Hmm - that means I found a bug in your implementation.  See [3] below.

+    }
+
+    if (refblock_empty) {
+        if (reftable_index < *reftable_size) {
+            (*reftable)[reftable_index] = 0;

Necessary since you used g_try_realloc which leaves the new reftable
uninitialized.  Reasonable (rather than a memset) since the caller will
be visiting every single refblock in the table anyways.

+        }
+    } else {
+        offset = qcow2_alloc_clusters(bs, s->cluster_size);

As mentioned above, this action will potentially change
s->refcount_table_size of the original table, which in turn makes the
caller execute its loops more often to cover the increased allocation.
Does qcow2_alloc_clusters() guarantee that the just-allocated cluster is
zero-initialized (and/or should we add a flag to the function to allow
the caller to choose whether to force zero allocation instead of leaving
uninitialized)?  See [4] below for why I ask.

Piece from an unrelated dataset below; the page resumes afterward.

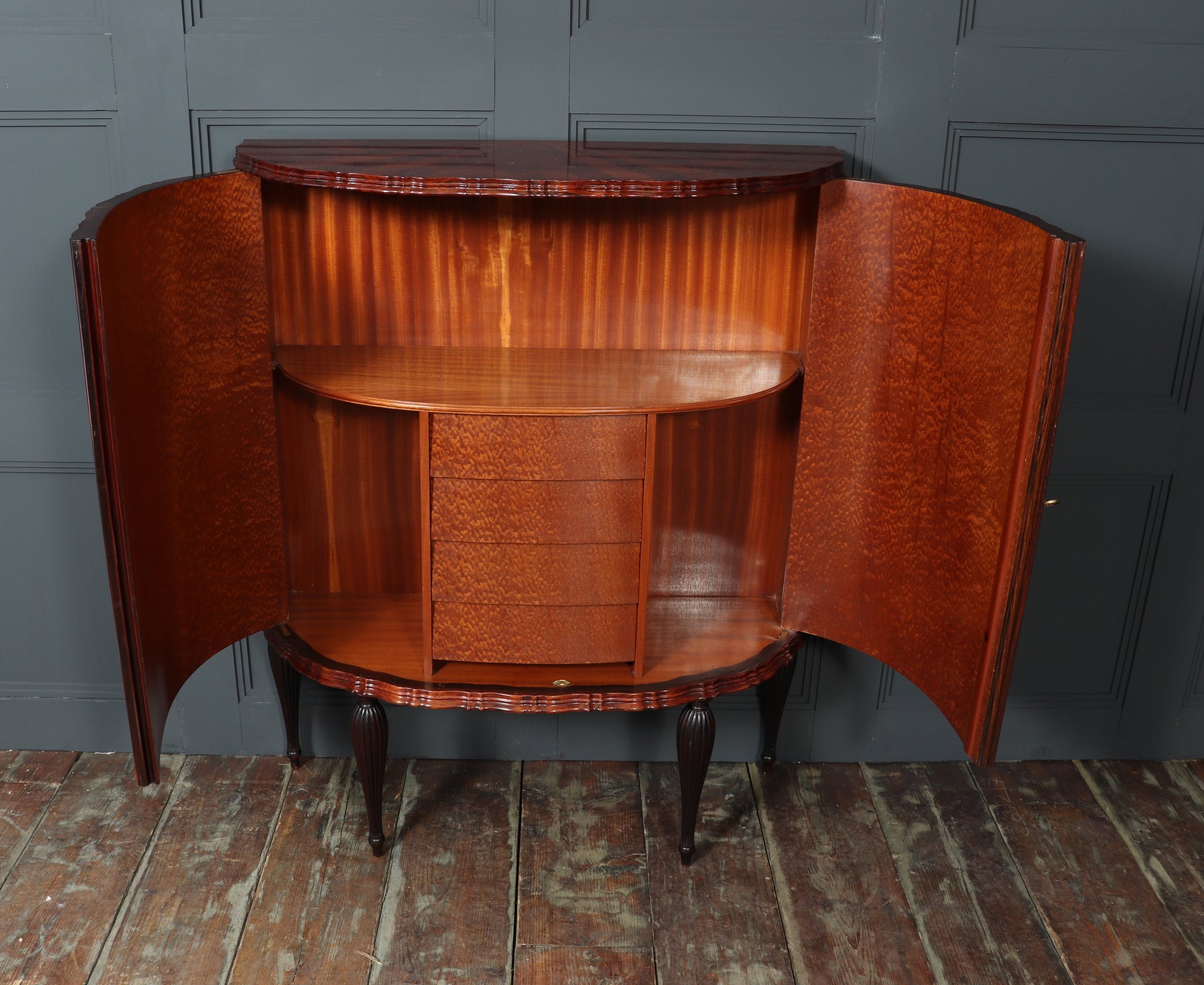 Mid Century Italian Rosewood Cabinet C1950
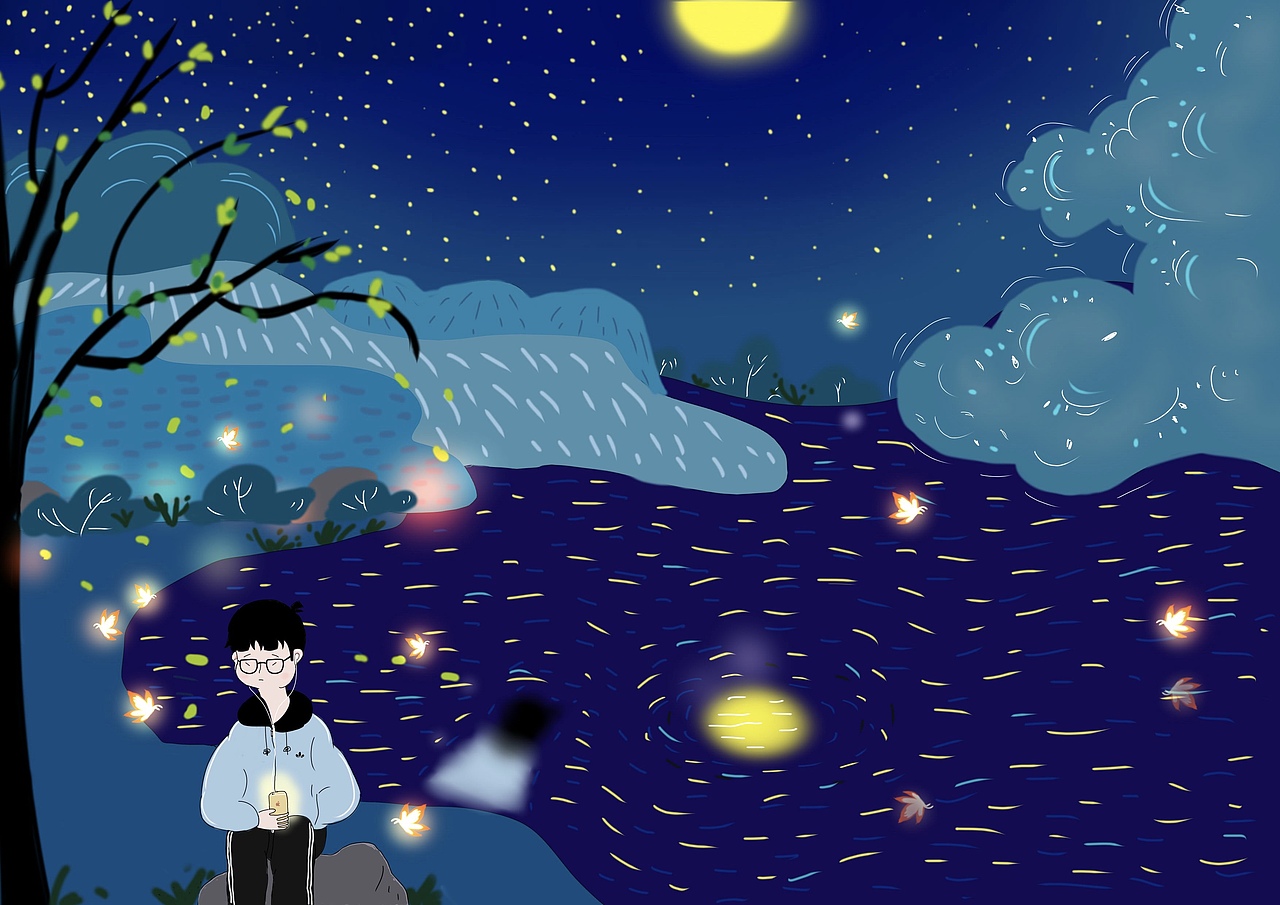 享受孤独（图ZMTk5OTg1ODMy） - 儿童插画 - 站酷设计师Sanda原创素材 - 站酷ZCOOL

+        if (offset < 0) {
+            error_setg_errno(errp, -offset, "Failed to allocate refblock");
+            return offset;
+        }
+        (*reftable)[reftable_index++] = offset;
+    }
+
+    return 0;
+}
+
+/**
+ * This "operation" for walk_over_reftable() writes the refblock to disk at the
+ * offset specified by the new reftable's entry. It does not modify the new
+ * reftable or change any refcounts.
+ */
+static int flush_refblock(BlockDriverState *bs, uint64_t **reftable,
+                          uint64_t reftable_index, uint64_t *reftable_size,
+                          void *refblock, bool refblock_empty, Error **errp)
+{
+    BDRVQcowState *s = bs->opaque;
+    int64_t offset;
+    int ret;
+
+    if (refblock_empty) {
+        if (reftable_index < *reftable_size) {
+            assert((*reftable)[reftable_index] == 0);
+        }
+    } else {
+        /* The first pass with alloc_refblock() made the reftable large enough
+         */
+        assert(reftable_index < *reftable_size);

Okay, I see why you couldn't hoist this assert outside of the if - the
caller may call this with refblock_empty for any refblocks at the tail
of the final partial reftable cluster.

+        offset = (*reftable)[reftable_index];
+        assert(offset != 0);
+
+        ret = qcow2_pre_write_overlap_check(bs, 0, offset, s->cluster_size);
+        if (ret < 0) {
+            error_setg_errno(errp, -ret, "Overlap check failed");
+            return ret;
+        }
+
+        ret = bdrv_pwrite(bs->file, offset, refblock, s->cluster_size);
+        if (ret < 0) {
+            error_setg_errno(errp, -ret, "Failed to write refblock");
+            return ret;

If we fail here, do we leak all clusters written so far?  At least the
image is still consistent.  After reading further, I think I answered
myself at point [5].

+        }
+    }
+
+    return 0;
+}
+
+/**
+ * This function walks over the existing reftable and every referenced 
refblock;
+ * if @new_set_refcount is non-NULL, it is called for every refcount entry to
+ * create an equal new entry in the passed @new_refblock. Once that
+ * @new_refblock is completely filled, @operation will be called.
+ *
+ * @operation is expected to combine the @new_refblock and its entry in the new
+ * reftable (which is described by the parameters starting with "reftable").
+ * @refblock_empty is set if all entries in the refblock are zero.
+ *
+ * @status_cb and @cb_opaque are used for the amend operation's status 
callback.
+ * @index is the index of the walk_over_reftable() calls and @total is the 
total
+ * number of walk_over_reftable() calls per amend operation. Both are used for
+ * calculating the parameters for the status callback.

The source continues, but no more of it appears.